ACTION ITEM: Although the entries hold pictures, only their words are printed back, exactly as given.

*** GIVEN DATA Section Begins ***

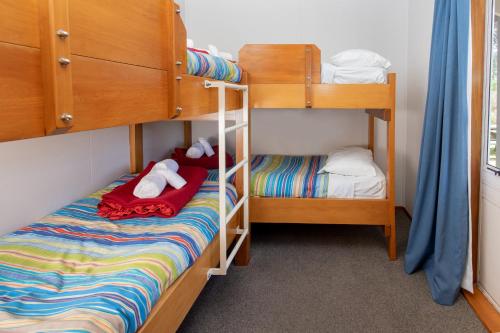 a bedroom with two bunk beds and a bed at Hanmer Springs TOP 10 Holiday Park in Hanmer Springs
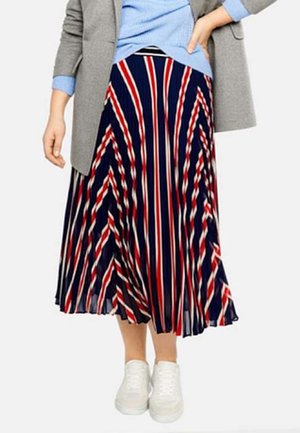Spódnica midi plisowana z pionowymi paskami w kolorach granatowym, czerwonym i białym, wykonana z lekkiego materiału. W zestawieniu z białymi trampkami i szarą marynarką.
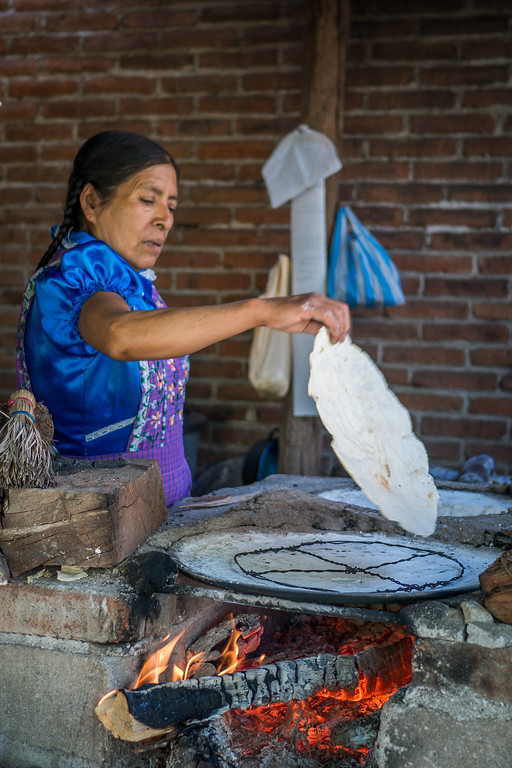 making traditional corn tortillas in Oaxaca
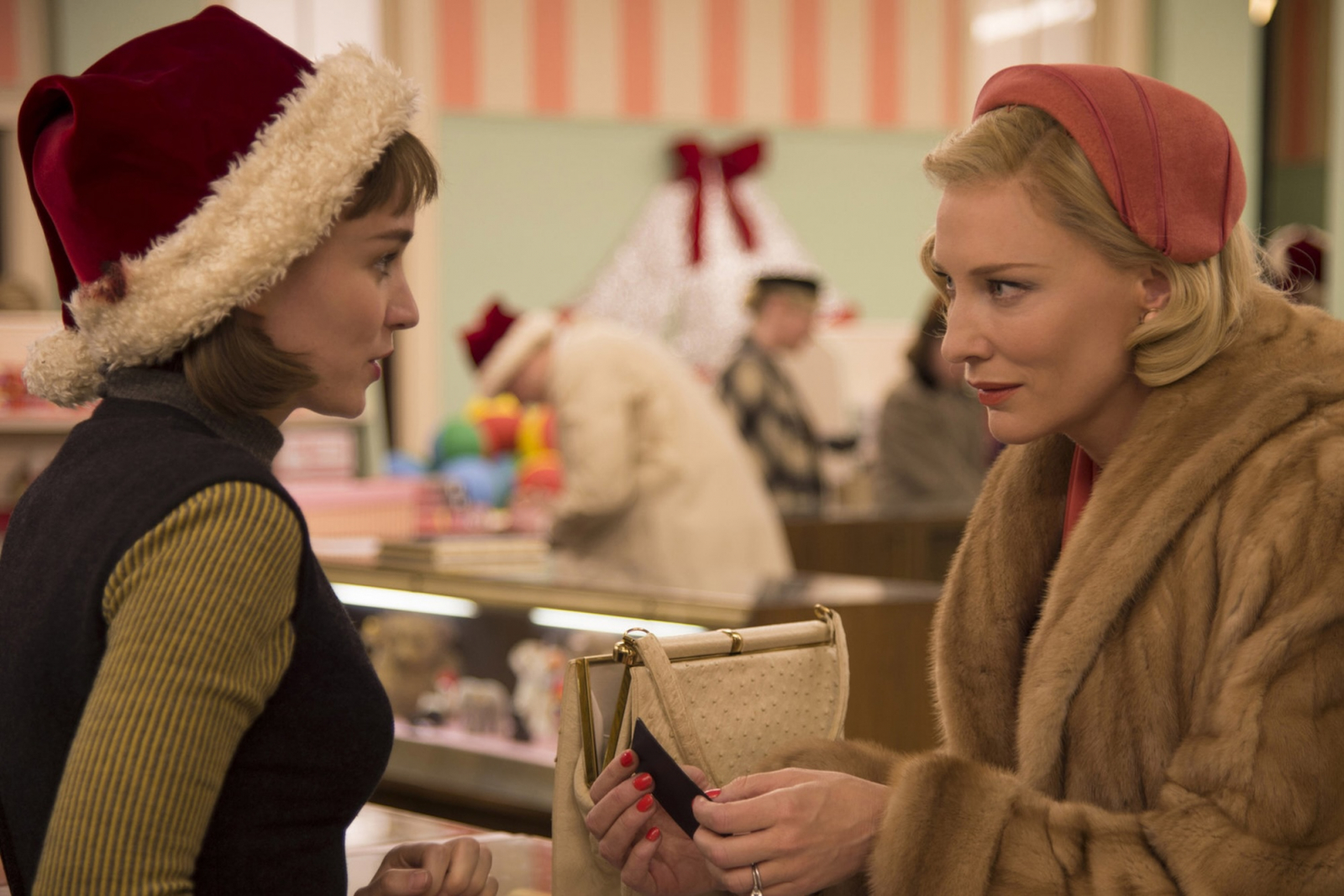 Rooney Mara i Cate Blanchett w świątecznym filmie romantycznym „Carol” rozmawiają w sklepie, otoczone świątecznymi dekoracjami.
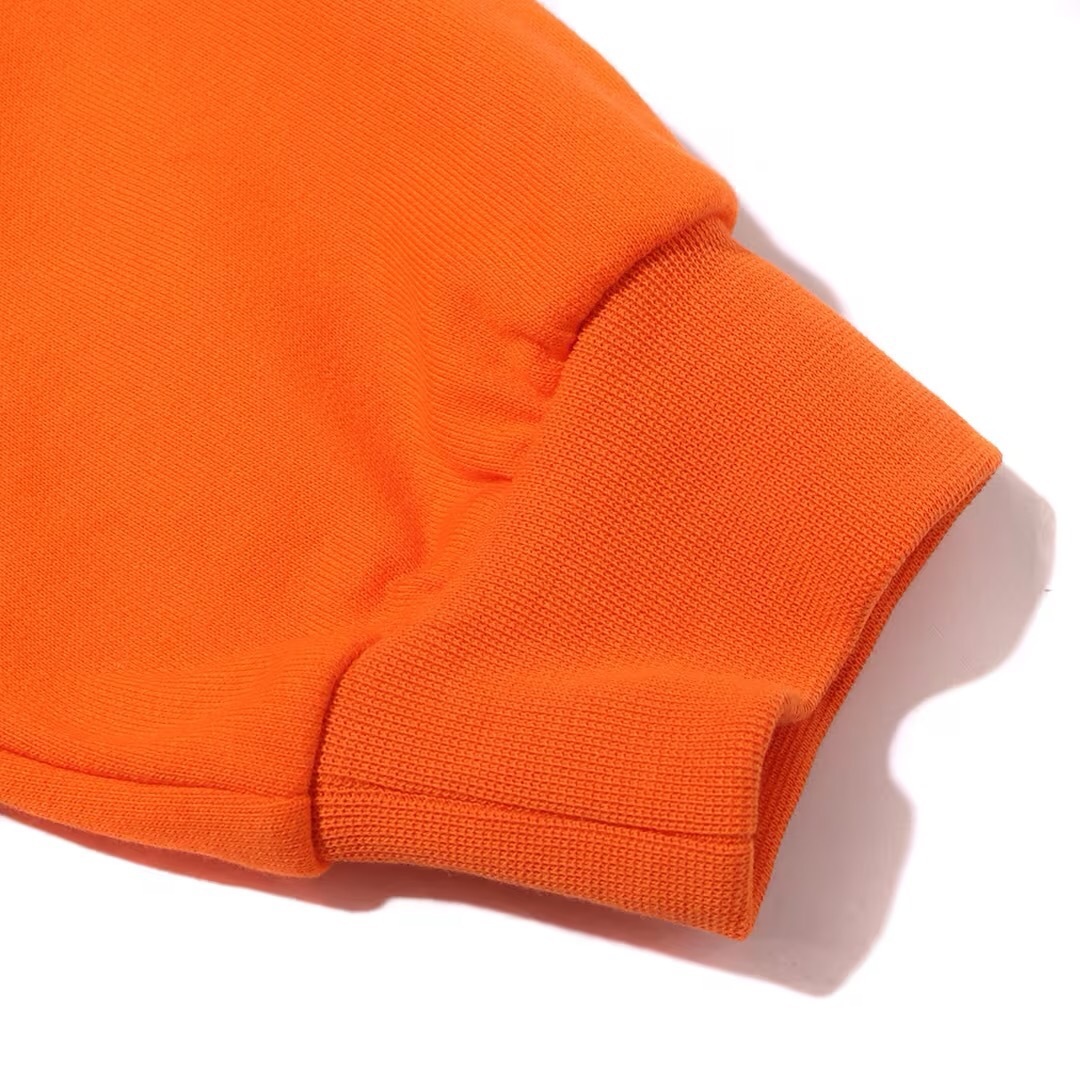adidas(アディダス)の【新品・未使用】アディダスパーカー　オレンジ メンズのトップス(パーカー)の商品写真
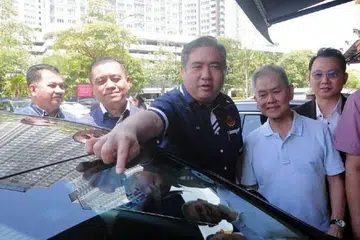 Menteri Pengangkutan Malaysia, Encik Anthony Loke (tiga dari kiri), menunjukkan pelekat Permit Masuk Kenderaan (VEP) yang siap dipasang ketika lawatan kerja ke Pusat Pungutan VEP bagi meninjau persiapan pelaksanaan penguatkuasaan VEP mulai 1 Oktober 2024.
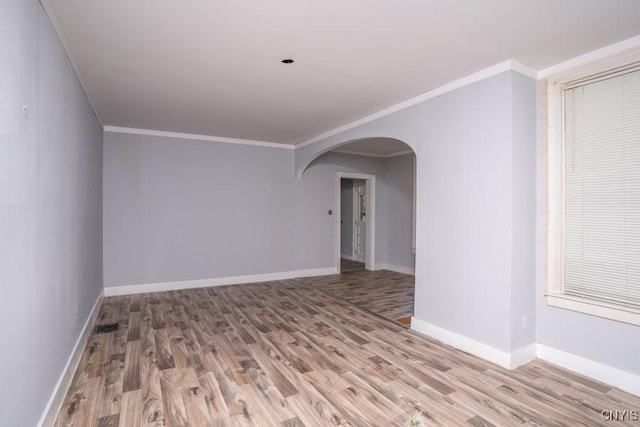 spare room featuring ornamental molding and wood-type flooring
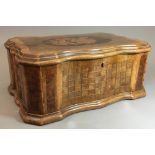 A 19th century Italian olive wood, walnut and specimen wood inlaid box Of serpentine form,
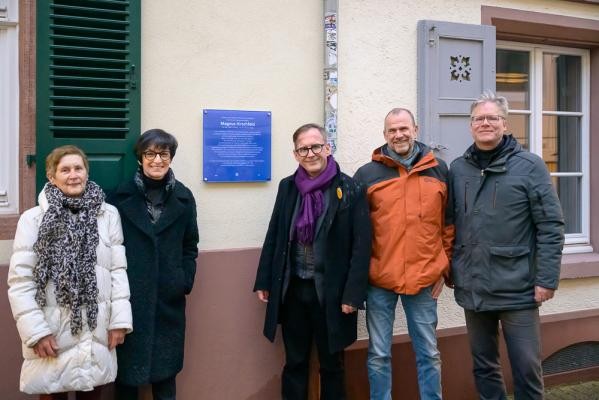 Stefanie Jansen, Bürgermeisterin für Soziales, Bildung, Familie und Chancengleichheit (2. von links), mit Hauseigentümerin Ingrid Longerich (von links), Helmut Metzner, Geschäftsführender Vorstand des Bundesstiftung Magnus Hirschfeld, Ideengeber Steffen Schmid und Stefan Kaumkötter vom Kulturamt der Stadt Heidelberg vor der neuen Gedenkplakette für Magnus Hirschfeld in der Sandgasse. Fünf Personen posieren vor einer blauen Gedenktafel an einer Hauswand.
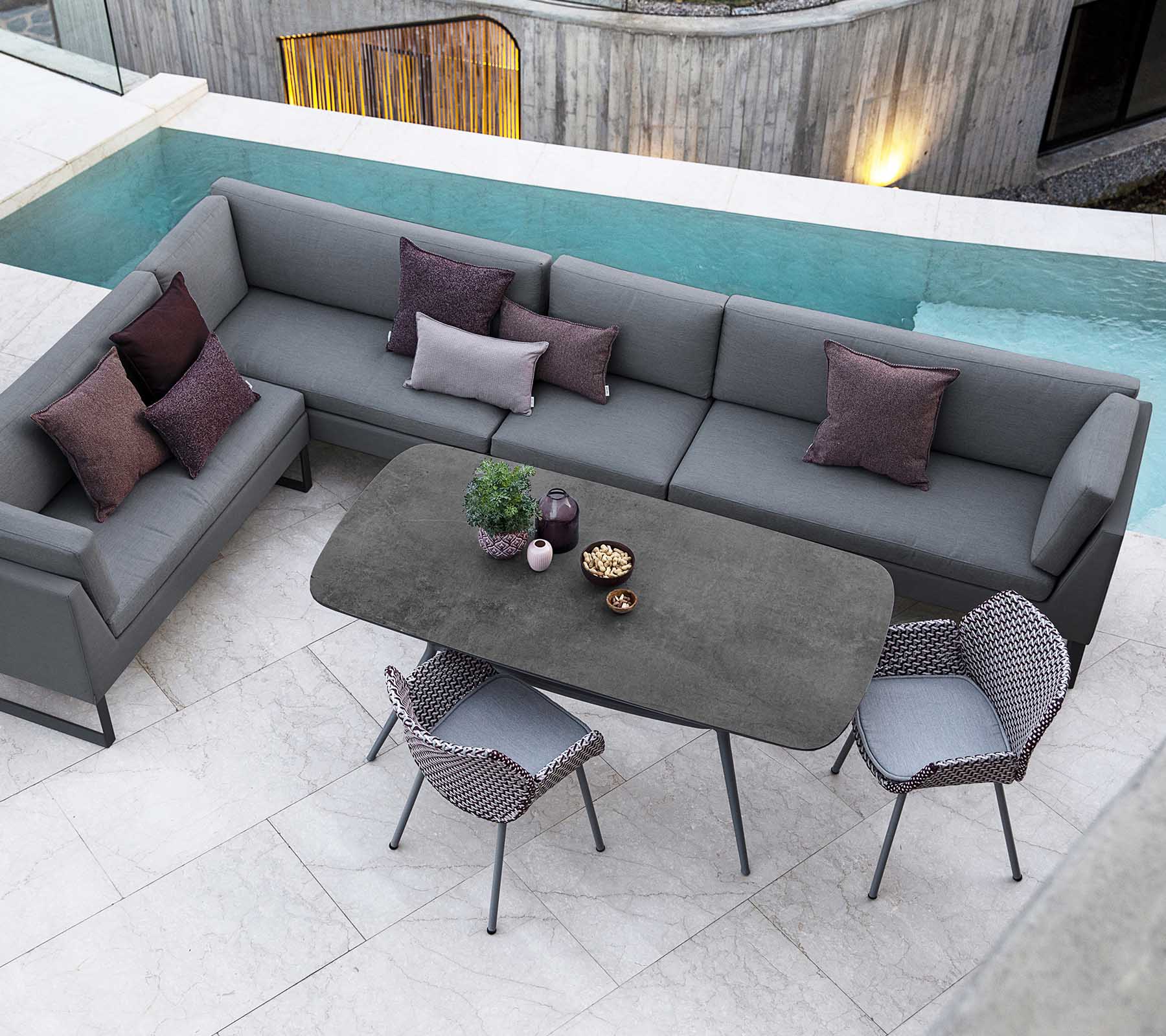 Moderne buitenzitarrangement met een grijze hoekbank, decoratieve kussens en een strak eettafel omringd door stijlvolle stoelen.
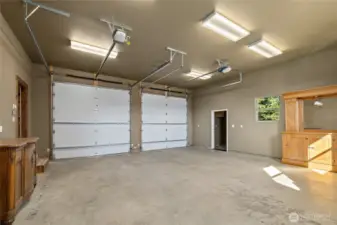 Spacious HEATED garage with  garbage room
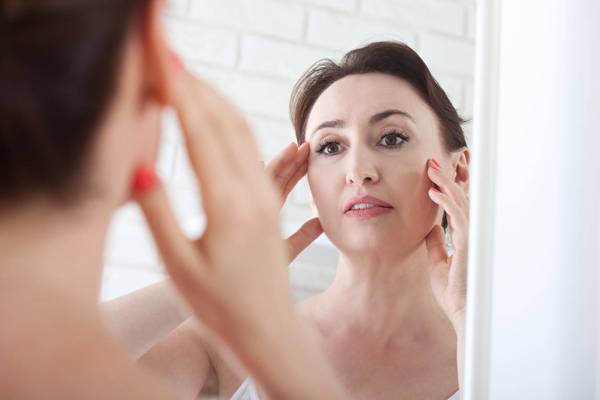 Woman looking at wrinkles in mirror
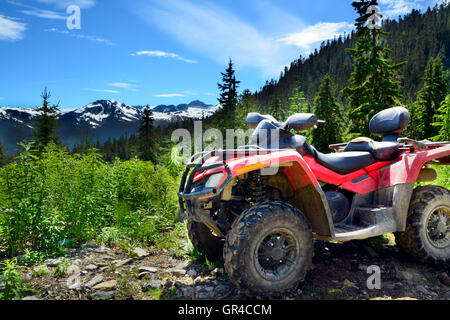 Red Black ATV (All Terrain Vehicle) Parked on Mountainous Forest Gravel Road near Sunny Whistler BC. HDR Nature Horizontal Photo Stock Photo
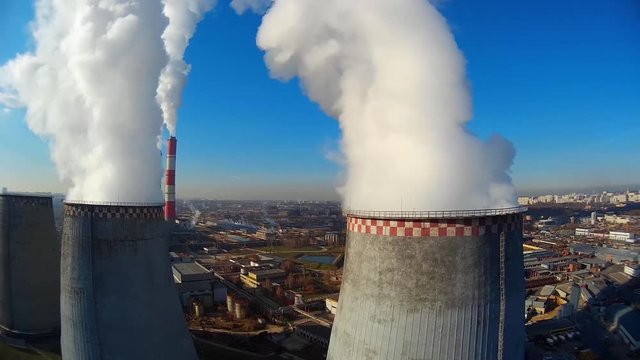 Company of the Moscow energy system. Important industrial district. Fog and smoke Huge pipes with emerging white large clouds of steam. Moscow Russia. Summer blue sky. Unique Aerial  Flight close to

*** GIVEN DATA Section Ends ***

YOUR RESPONSE:
 a bedroom with two bunk beds and a bed at Hanmer Springs TOP 10 Holiday Park in Hanmer Springs
Spódnica midi plisowana z pionowymi paskami w kolorach granatowym, czerwonym i białym, wykonana z lekkiego materiału. W zestawieniu z białymi trampkami i szarą marynarką.
 making traditional corn tortillas in Oaxaca
 Rooney Mara i Cate Blanchett w świątecznym filmie romantycznym „Carol” rozmawiają w sklepie, otoczone świątecznymi dekoracjami.
adidas(アディダス)の【新品・未使用】アディダスパーカー　オレンジ メンズのトップス(パーカー)の商品写真
 Menteri Pengangkutan Malaysia, Encik Anthony Loke (tiga dari kiri), menunjukkan pelekat Permit Masuk Kenderaan (VEP) yang siap dipasang ketika lawatan kerja ke Pusat Pungutan VEP bagi meninjau persiapan pelaksanaan penguatkuasaan VEP mulai 1 Oktober 2024.
 spare room featuring ornamental molding and wood-type flooring
 A 19th century Italian olive wood, walnut and specimen wood inlaid box Of serpentine form,
 Stefanie Jansen, Bürgermeisterin für Soziales, Bildung, Familie und Chancengleichheit (2. von links), mit Hauseigentümerin Ingrid Longerich (von links), Helmut Metzner, Geschäftsführender Vorstand des Bundesstiftung Magnus Hirschfeld, Ideengeber Steffen Schmid und Stefan Kaumkötter vom Kulturamt der Stadt Heidelberg vor der neuen Gedenkplakette für Magnus Hirschfeld in der Sandgasse. Fünf Personen posieren vor einer blauen Gedenktafel an einer Hauswand.
 Moderne buitenzitarrangement met een grijze hoekbank, decoratieve kussens en een strak eettafel omringd door stijlvolle stoelen.
 Spacious HEATED garage with  garbage room
 Woman looking at wrinkles in mirror
 Red Black ATV (All Terrain Vehicle) Parked on Mountainous Forest Gravel Road near Sunny Whistler BC. HDR Nature Horizontal Photo Stock Photo
 Company of the Moscow energy system. Important industrial district. Fog and smoke Huge pipes with emerging white large clouds of steam. Moscow Russia. Summer blue sky. Unique Aerial  Flight close to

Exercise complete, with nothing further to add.